Work item
Output the data verbatim, minus the images.

Data block
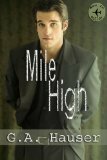 Mile High by G.A. Hauser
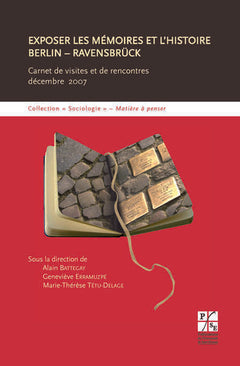 Exposer les Mémoires et l'histoire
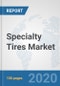 Specialty Tires Market: Global Industry Analysis, Trends, Market Size, and Forecasts up to 2026 - Product Thumbnail Image
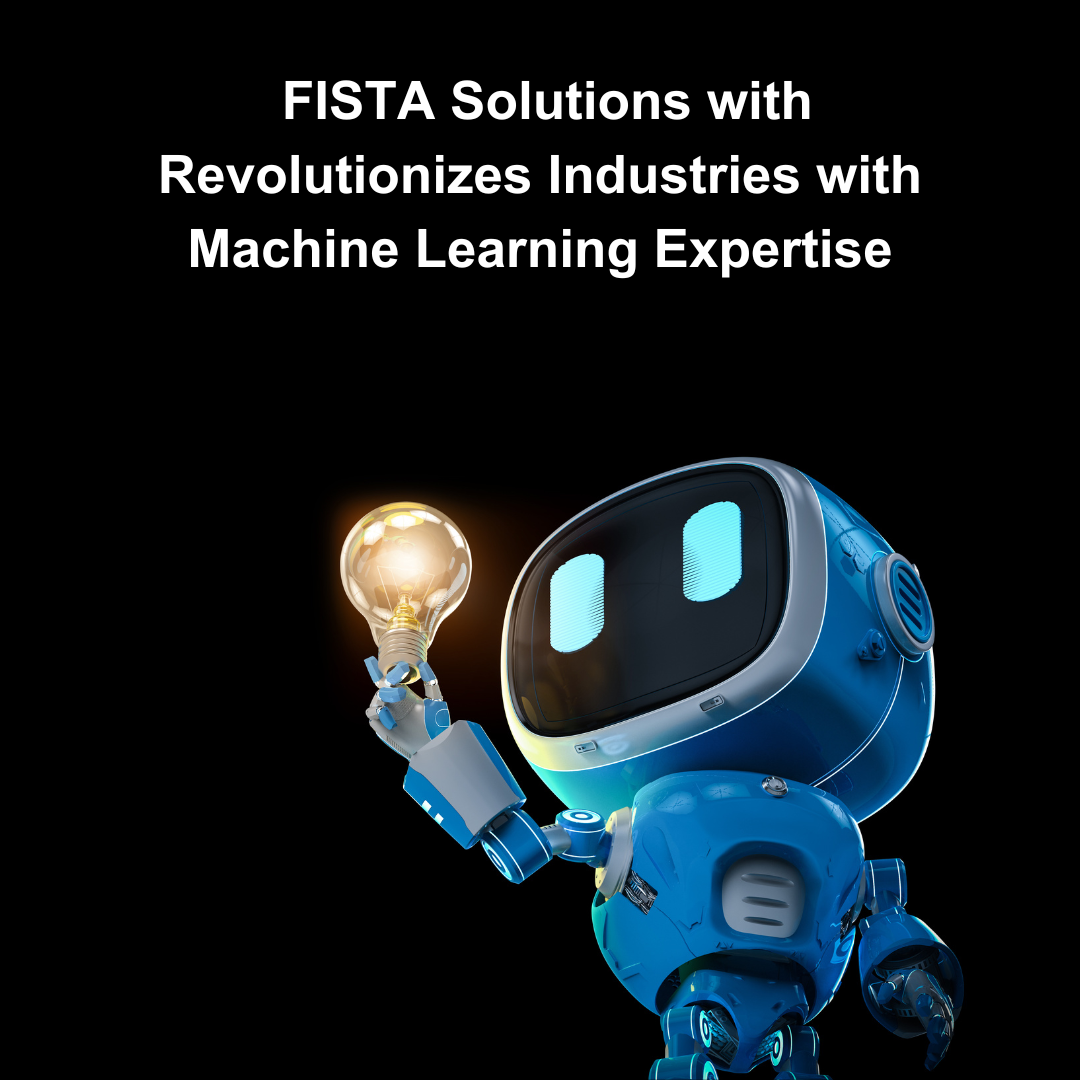  FISTA Solutions Revolutionizes Industries with Machine Learning Expertise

Solution for this task
 Mile High by G.A. Hauser
 Exposer les Mémoires et l'histoire
 Specialty Tires Market: Global Industry Analysis, Trends, Market Size, and Forecasts up to 2026 - Product Thumbnail Image
  FISTA Solutions Revolutionizes Industries with Machine Learning Expertise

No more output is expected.